Tuesday, May 14, 2013


Giants among us

In the spring of 1978, we had just completed three years work at Eastern Arizona College. We had learned to love the area, the people, and the genuine charm of a small rural community. It was relatively close to our New Mexico ranch, to our old stomping grounds in North Eastern Arizona, where my sister Lynda and brother Glenn lived. This was five years after we had completed my doctoral work and I was in the middle of one of my periodic personal evaluations. I wasn’t sure what I was supposed to be doing, but I knew that I had stalemated there in that position. I was working as Director of Cooperative Education and had been moderately successful in establishing the program which was intended to assist students in securing work related to their chosen professional path and through working with their employers and supervisors help each student create a set of objectives that would assist them in furthering their career successes.

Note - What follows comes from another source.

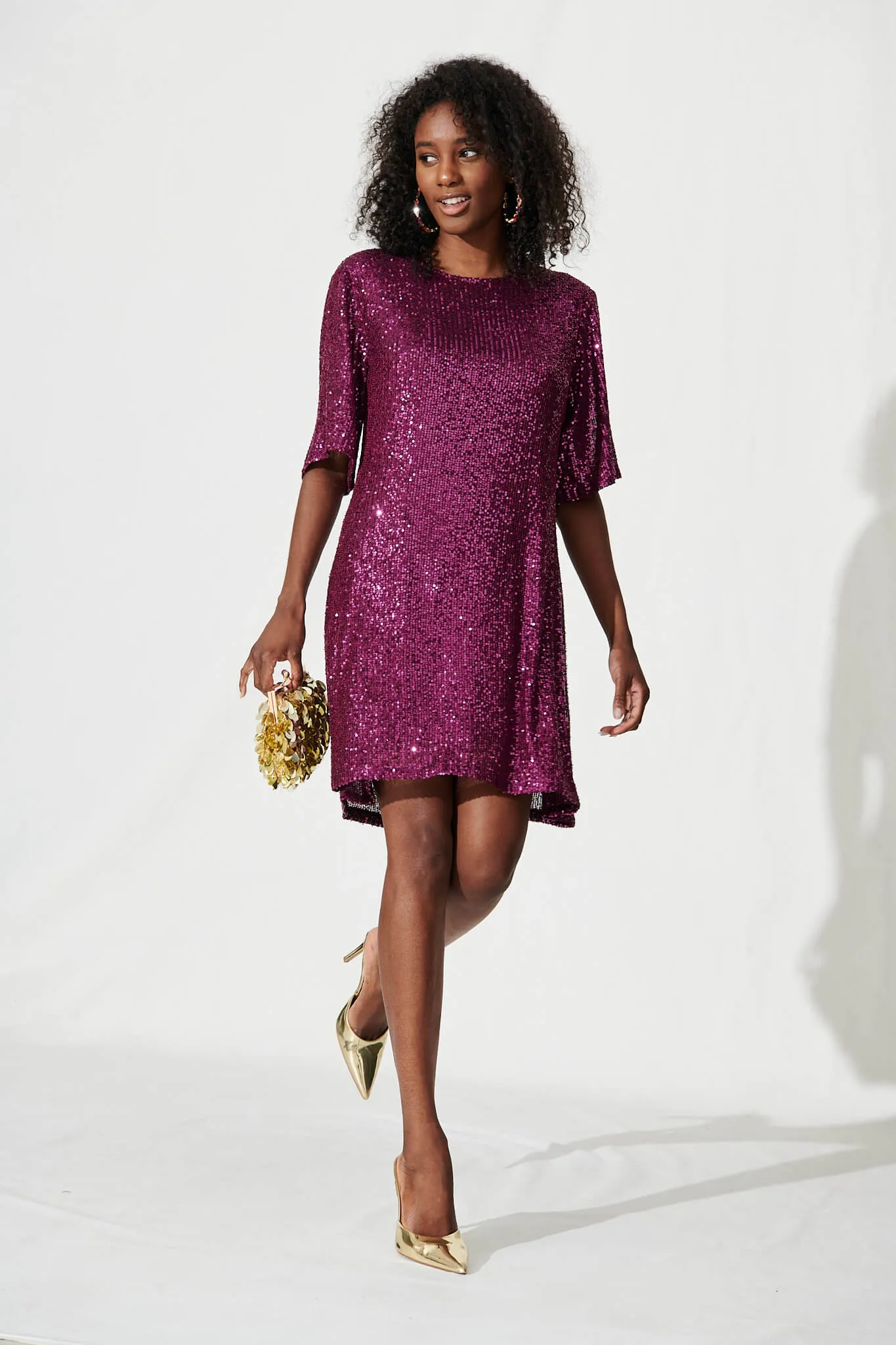 Its Me Dress In Plum Sequin sold by St Frock product image thumbnail 4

It was a great program with great potential, but it turned into a free-rider for students wishing to pick up added credits with which to pad their semesters, making them full-time, giving VA students more pocket money, and a variety of other unintended consequences. I kept asking the head shed questions. They in turn, laid the questions and the answers gently back at my feet and on we went. I left that position with a letter to the board thanking them for the opportunity and told them I was leaving the post and I wished them success. We could and possibly should have stayed in Thatcher forever, but that was not to be. It has been over thirty four years since those incredible Eastern Arizona days and we have experienced many wonderful and exciting things and people as we moved through the full-blown family; then, on to grand parenting, and senior living.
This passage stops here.